A one-room schoolhouse was built for local children in 1849. The building remained basically unchanged until indoor plumbing was added in 1952. When the Orange Lake school system voted to merge with the Newburgh Enlarged City School District in 1963, the schoolhouse was closed and sold. as of 2012, a sharp and young couple reside in the schoolhouse.

Our Lady of the Lake Roman Catholic chapel, a mission church of St. Patrick's parish in the City of Newburgh, was constructed in 1939 and remains in active service today. Prior to the construction of the current chapel, Roman Catholic services were held in the ice house at Lakeview House. The Dan Leghorn Fire Department was organized around 1900.

Pine Point was a highly successful resort on a peninsula off the southern shore of the lake. During the big band era, many nationally known recording acts appeared at the resort, including Frank Sinatra and Benny Goodman. It opened for business in 1896, and was closed and demolished in 1953. Lakeview House on Lakeside Road originally opened in 1866 as a boarding house, and did business as O'Malley's Bar for many years. Today, it continues to do business as a restaurant under its original name.

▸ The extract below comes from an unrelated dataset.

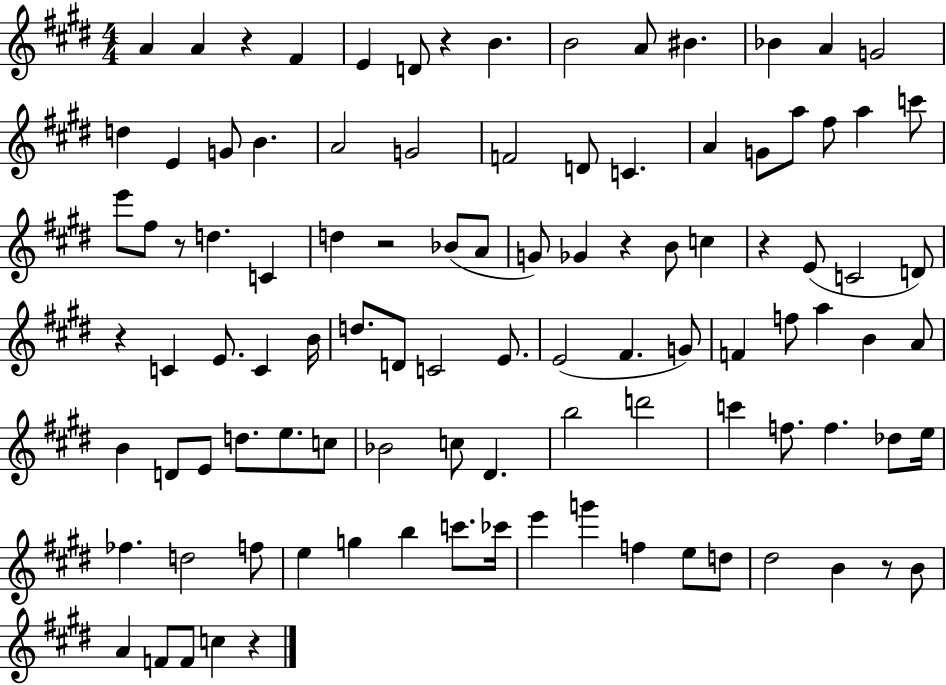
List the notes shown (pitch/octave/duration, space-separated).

A4/q A4/q R/q F#4/q E4/q D4/e R/q B4/q. B4/h A4/e BIS4/q. Bb4/q A4/q G4/h D5/q E4/q G4/e B4/q. A4/h G4/h F4/h D4/e C4/q. A4/q G4/e A5/e F#5/e A5/q C6/e E6/e F#5/e R/e D5/q. C4/q D5/q R/h Bb4/e A4/e G4/e Gb4/q R/q B4/e C5/q R/q E4/e C4/h D4/e R/q C4/q E4/e. C4/q B4/s D5/e. D4/e C4/h E4/e. E4/h F#4/q. G4/e F4/q F5/e A5/q B4/q A4/e B4/q D4/e E4/e D5/e. E5/e. C5/e Bb4/h C5/e D#4/q. B5/h D6/h C6/q F5/e. F5/q. Db5/e E5/s FES5/q. D5/h F5/e E5/q G5/q B5/q C6/e. CES6/s E6/q G6/q F5/q E5/e D5/e D#5/h B4/q R/e B4/e A4/q F4/e F4/e C5/q R/q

In the late 1940s Mickey Spillane and a friend of his from the Army bought a woodlot on Rock Cut Road and lived in a house they built while he was writing for comic books. During that time he wrote I, The Jury, his first novel.

==Education==
The CDP is divided between the Valley Central School District (Montgomery), the Newburgh City School District, and the Wallkill Central School District. The comprehensive high school of the Newburgh district is Newburgh Free Academy.